Para los demás, si es que nos sentimos agraviados, valga lo que decía Aristóteles: El castigo del embustero es no ser creído aún cuando diga la verdad.
Esta necesidad lleva aparejada otros valores ajenos a los propios del placer individual de ganar, de ser el mejor. Más aún, esos valores distintos, que tendemos hoy en día a ocultar o a olvidar, son los que dan sentido a la victoria, son la esencia del placer protagonista en el deporte. Sin esos valores el ganar se convierte en un fin en sí mismo. Ganar por ganar, que no es más que un acumular victorias, una tras otra, y todo lo que ello implica en nuestra sociedad, más y más dinero hasta... (vete a saber cuando se acaba esto).
Cuando hablo de otros valores implicados, que ocupan un segundo o tercer plano pero que están ahí, me refiero, entre otros, a la honestidad, a la sinceridad. Estos valores u objetivaciones morales mantienen un lugar poco visible, pero no por ello dejan de ser importantes o decisivos. Pasa lo mismo que con el valor en la mili, se suponen. La competición sólo es posible si se asume, por principio, la honestidad y la sinceridad del contrincante y la propia. A nadie le gusta enfrentarse a alguien que sabe que utiliza malas artes o el engaño. Ante esa situación, uno tiende a pasar de largo, vamos, si no está impedido por alguien o algo.
Hoy en día algunos deportistas parecen obviar la conexión profunda entre estos valores y la competición. Dicen del deporte actual que no es más que un circo montado en el que la exigencia al propio atleta se convierte en una asfixiante soga al cuello. El atleta se cree objeto de una situación no querida, de una especie de espada de damocles, que le atenaza y le obliga a tomar decisiones críticas, extremas. Este circo, dicen, es ajeno a los sentimientos y afecciones de los atletas, los verdaderos sujetos, personas de carne y hueso.
Pero no nos engañemos. Si bien la economía de mercado ha cercado toda actividad humana cosificándola, poniendole precio y, para ello, ha tenido que aniquilar cualquier vestigio de lo cualitativo, de lo inconmensurable, o sea, de sentimientos, de valores humanos, es tarea de los propios sujetos, de los propios atletas, el aportar la dosis de humanidad que contrarrestre tal acceso.

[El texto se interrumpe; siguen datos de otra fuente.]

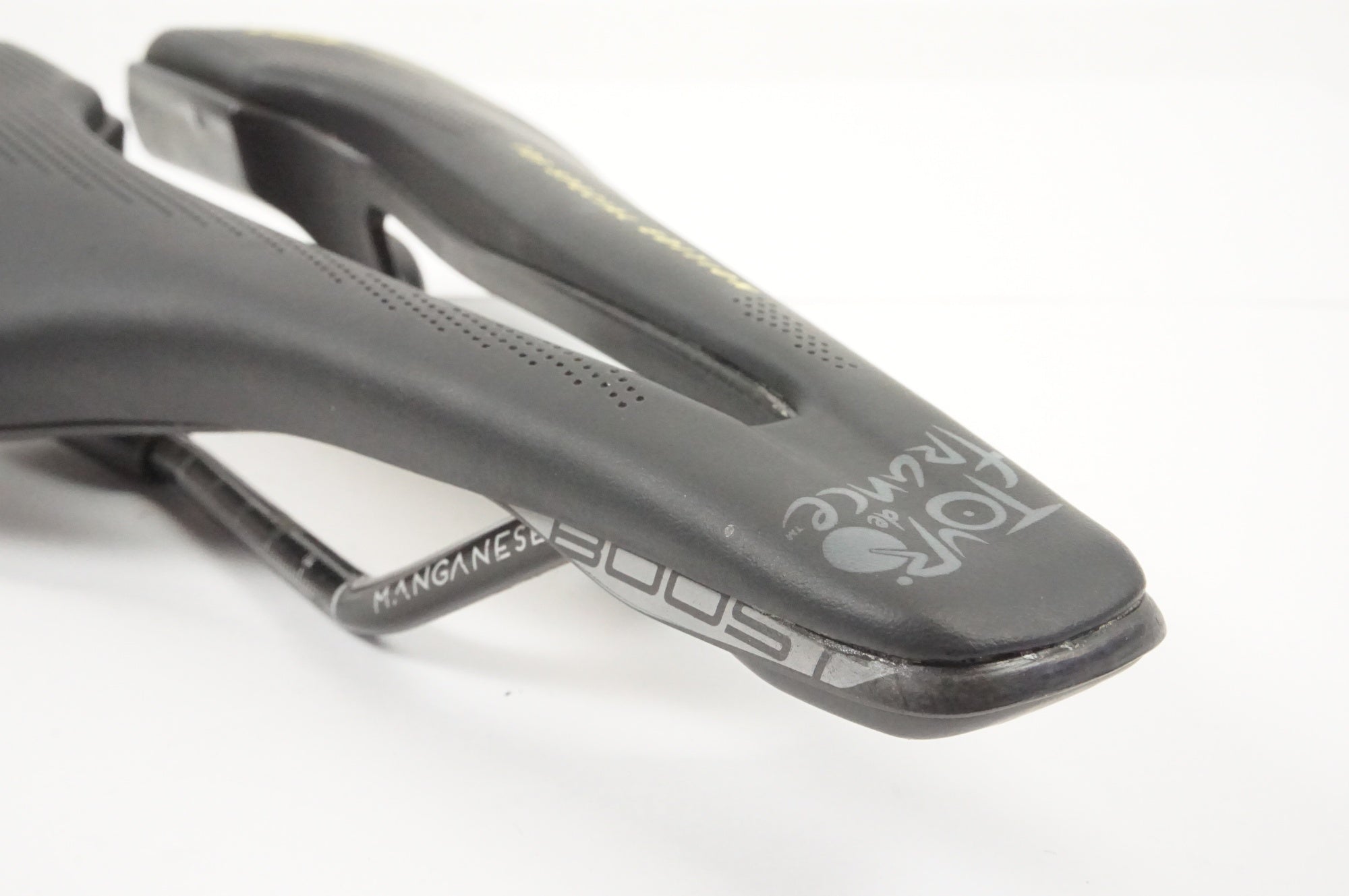 Selle Italia SP-01 TDF Superflow Titanium Saddle - Components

Y, volviendo con el placer, difícilmente un deportista que obvie lo anterior, es decir, su propia capacidad para dar sentido más allá de la rutina que obliga el cumplimiento de unos objetivos, de unas marcas, de unas medallas, de unas becas, considerará que su actividad es placentera. Todo lo contrario, hablará de sufrimiento, de sacrificio, aspectos que enfacitan el lado oscuro de la vida, una especie de pesimismo que necesita ser calmado con analgésicos como el dinero y la fama. Pero, lo malo es que el efecto de esto no es muy duradero.
Para los demás, si es que nos sentimos agraviados, valga lo que decía Aristóteles: El castigo del embustero es no ser creído aún cuando diga la verdad.
Comentarios
Manuel S.M.
Rafa, acuérdate, por favor, del artículo de Ortega sobre el subjetivismo y que me dijiste que era muy bueno. Lo espero. Un abrazo.